--- THE DATA Enclosed Below ---
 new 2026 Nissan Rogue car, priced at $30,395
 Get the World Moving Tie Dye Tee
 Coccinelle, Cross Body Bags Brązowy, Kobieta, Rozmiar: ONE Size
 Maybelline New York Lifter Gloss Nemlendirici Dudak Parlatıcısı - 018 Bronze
--- End of Enclosed THE DATA ---
All lines above are to be transcribed exactly.

(WRITTEN ANSWER)
 new 2026 Nissan Rogue car, priced at $30,395
 Get the World Moving Tie Dye Tee
 Coccinelle, Cross Body Bags Brązowy, Kobieta, Rozmiar: ONE Size
 Maybelline New York Lifter Gloss Nemlendirici Dudak Parlatıcısı - 018 Bronze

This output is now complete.